__Your goal__
From the line containing "Used Deepal L07" down to the last line of the material, return those lines verbatim and only those.

__Records provided__
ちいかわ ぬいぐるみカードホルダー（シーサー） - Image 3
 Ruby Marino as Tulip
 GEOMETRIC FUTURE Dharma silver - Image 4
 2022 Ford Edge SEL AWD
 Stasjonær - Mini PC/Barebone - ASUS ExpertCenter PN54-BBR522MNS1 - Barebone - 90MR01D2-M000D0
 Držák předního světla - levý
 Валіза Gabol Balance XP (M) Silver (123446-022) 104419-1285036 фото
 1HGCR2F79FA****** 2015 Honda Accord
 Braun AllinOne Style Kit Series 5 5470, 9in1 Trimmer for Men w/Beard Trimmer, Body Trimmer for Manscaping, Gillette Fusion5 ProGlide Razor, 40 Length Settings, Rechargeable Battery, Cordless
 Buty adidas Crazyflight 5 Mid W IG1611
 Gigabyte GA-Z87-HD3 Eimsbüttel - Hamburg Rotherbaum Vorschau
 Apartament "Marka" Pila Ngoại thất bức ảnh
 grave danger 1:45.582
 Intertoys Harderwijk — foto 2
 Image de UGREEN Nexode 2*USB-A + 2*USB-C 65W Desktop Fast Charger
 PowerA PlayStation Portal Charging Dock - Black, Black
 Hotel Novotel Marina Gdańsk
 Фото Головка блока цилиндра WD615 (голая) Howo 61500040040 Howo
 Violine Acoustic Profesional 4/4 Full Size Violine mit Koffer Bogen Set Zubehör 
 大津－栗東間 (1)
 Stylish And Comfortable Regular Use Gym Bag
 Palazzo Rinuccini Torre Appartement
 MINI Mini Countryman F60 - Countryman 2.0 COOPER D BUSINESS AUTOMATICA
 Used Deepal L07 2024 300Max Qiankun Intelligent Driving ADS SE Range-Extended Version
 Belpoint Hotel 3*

__Response for this exercise__
 Used Deepal L07 2024 300Max Qiankun Intelligent Driving ADS SE Range-Extended Version
 Belpoint Hotel 3*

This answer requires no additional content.